Jason Mogus ~ President, Communicopia
Jodie Tonita ~ BC Program Manager, ONE/Northwest
Phillip Smith ~ Principle, Community Bandwidth
Madeline Stanionis ~ Vice President, Donordigital
Sarah Pullman ~ Conference and Community Manager
Jason Mogus
Jason Mogus is the CEO of Communicopia, leading Internet strategy engagements on many key accounts. A serial entrepreneur, Jason has held senior roles in technology start-ups since 1995. At Communicopia he provides strategic guidance for clients such as the Loreto Bay Company, VanCity Savings, the Social Purchasing Portal, Dragonfly Media, and the Sierra Club of Canada.
Jason is a partner and board member with BC Technology Social Venture Partners. A certified “ePhilanthropy Master Trainer” by the Washington DC based ePhilanthropy Foundation, in 2001 he was awarded Business in Vancouver's "Top 40 Under 40" and led Communicopia to receiving the BC Technology Industry Association's first "Leadership in Social Responsibility" Award.
Jason is passionate about supporting social change through communications, technology, and philanthropy.

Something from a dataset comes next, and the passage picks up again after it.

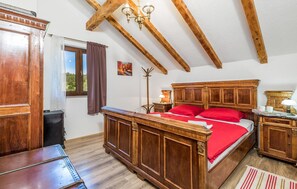 2 bedrooms, travel cot, free WiFi, bed sheets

A popular presenter and speaker, he has been featured in international media such as the New York Times, National Post, CBC Newsworld, The Guardian, CNN.com, and CBC's The National.
Jodie Tonita
Jodie Tonita is the BC Program Manager at ONE/Northwest, an enterprising non-profit technology and communications consulting firm serving environmental organizations across the Pacific Northwest. Before coming to ONE/Northwest Jodie had more than 10 years experience in technology consulting and non profit leadership. Her technology career included a private consulting practice delivering corporate software training programs, enterprise software deployment projects, and management of administrative, communications, and distribution infrastructure creation.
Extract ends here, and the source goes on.